Si nous aimons véritablement la vie, si nous sommes véritablement heureux de vivre, nous devons vouloir revivre à l'infini chaque instant de notre vie, qu'il soit bon ou mauvais. Au lieu de désespérer de l'adolescence, de la vieilllesse et de la mort, nous devons les aimer et vouloir les revivre encore et encore. Si nous avons un chagrin d'amour nous devons l'aimer car nous sommes condamnés  à le revivre encore.

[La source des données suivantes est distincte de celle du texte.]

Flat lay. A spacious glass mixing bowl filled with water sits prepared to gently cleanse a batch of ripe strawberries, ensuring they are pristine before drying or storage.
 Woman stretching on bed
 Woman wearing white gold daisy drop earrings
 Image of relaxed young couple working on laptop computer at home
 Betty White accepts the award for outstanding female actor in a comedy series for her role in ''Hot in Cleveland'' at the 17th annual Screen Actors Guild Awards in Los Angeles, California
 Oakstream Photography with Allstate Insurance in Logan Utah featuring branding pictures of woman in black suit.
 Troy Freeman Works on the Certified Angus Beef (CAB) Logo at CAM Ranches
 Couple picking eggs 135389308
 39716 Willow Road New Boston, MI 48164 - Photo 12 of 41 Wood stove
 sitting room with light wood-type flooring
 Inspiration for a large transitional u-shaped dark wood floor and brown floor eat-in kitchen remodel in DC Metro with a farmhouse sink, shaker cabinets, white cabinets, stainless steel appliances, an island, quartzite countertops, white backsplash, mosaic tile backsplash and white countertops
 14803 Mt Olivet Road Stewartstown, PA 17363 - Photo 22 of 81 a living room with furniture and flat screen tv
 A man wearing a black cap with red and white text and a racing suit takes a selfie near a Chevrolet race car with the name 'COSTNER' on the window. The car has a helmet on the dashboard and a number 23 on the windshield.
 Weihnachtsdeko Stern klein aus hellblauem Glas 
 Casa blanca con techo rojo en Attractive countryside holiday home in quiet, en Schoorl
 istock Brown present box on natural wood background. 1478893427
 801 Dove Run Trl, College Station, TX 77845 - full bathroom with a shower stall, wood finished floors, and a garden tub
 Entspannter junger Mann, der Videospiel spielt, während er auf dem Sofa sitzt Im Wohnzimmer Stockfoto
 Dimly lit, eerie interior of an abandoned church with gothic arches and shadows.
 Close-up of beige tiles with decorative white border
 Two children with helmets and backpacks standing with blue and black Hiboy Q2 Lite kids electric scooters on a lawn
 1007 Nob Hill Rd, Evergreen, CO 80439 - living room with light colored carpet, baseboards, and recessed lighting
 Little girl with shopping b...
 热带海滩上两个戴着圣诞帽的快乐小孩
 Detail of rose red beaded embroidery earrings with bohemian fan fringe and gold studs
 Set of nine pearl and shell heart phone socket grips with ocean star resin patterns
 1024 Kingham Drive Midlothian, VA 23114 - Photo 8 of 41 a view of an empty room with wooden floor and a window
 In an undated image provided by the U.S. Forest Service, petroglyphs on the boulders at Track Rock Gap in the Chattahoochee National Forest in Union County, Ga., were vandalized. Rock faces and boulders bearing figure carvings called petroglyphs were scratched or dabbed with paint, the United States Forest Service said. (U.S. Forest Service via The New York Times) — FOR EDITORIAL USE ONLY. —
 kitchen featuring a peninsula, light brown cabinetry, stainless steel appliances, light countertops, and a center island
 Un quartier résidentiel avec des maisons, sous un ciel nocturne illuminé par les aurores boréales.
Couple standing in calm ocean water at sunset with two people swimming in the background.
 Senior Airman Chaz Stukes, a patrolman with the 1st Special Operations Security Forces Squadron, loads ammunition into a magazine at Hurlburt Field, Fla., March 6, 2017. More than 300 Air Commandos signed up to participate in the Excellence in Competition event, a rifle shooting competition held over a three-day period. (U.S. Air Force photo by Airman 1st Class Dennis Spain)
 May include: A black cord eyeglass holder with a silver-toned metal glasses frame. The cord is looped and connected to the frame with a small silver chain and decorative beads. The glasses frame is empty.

  "Il n'y a qu'un remède à l'amour- aimer davantage."

D. Thoreau, Journal

 

Une telle pensée nous force à être heureux dans cette vie là, ici et maintenant, car si nous sommes malheureux aujourd'hui, nous  le serons encore et encore quand il nous  faudra revivre cette journée. Par contre, si nous acquiesçons à la vie, si nous aimons le destin (amor fati) dans tous ses aspects, nous pourrons revivre éternellement le bonheur que nous éprouvons aujourd'hui. En étant heureux aujourd'hui et maintenant, même si la vie est difficile, nous pouvons accèder à un bonheur éternel, toujours recommencé.

 

Le poids le plus lourd

Cet acquiescement à la vie est la pensée la plus difficile qui soit car il s'agit pour nous d'aimer la vie à la fois dans ce qu'elle a de meilleur, et ce qu'elle a de plus terrible. Elle est également le "poids le plus lourd" car exige de nous la plus haute responsabilité  car il n'y a pas de rédemption possible. Ma responsabilité est infinie car tout ce que nous faisons, nous le faisons indéfiniment, éternellement, sans avoir jamais la possibilité de revenir en arrière. Chacun de nos actes, chacun de nos choix est irréversible.Il pèse ainsi sur nous du poids le plus lourd : ce qui est fait, est fait pour toujours.

 

Paradoxalement alors que la pensée de l'éternel retour dissipe donc toute espérance en un avenir meilleur - ce que je vivrai après c'est ce que j'ai déjà vécu - elle nous permet d'accèder au bonheur : puisque nous sommes condamnés à revivre chaque instant présent de toute éternité,  il faut vivre heureux ici et maintenant, quoiqu'il arrive. C'est à cette seule condition que le bonheur est, pour nous, possible.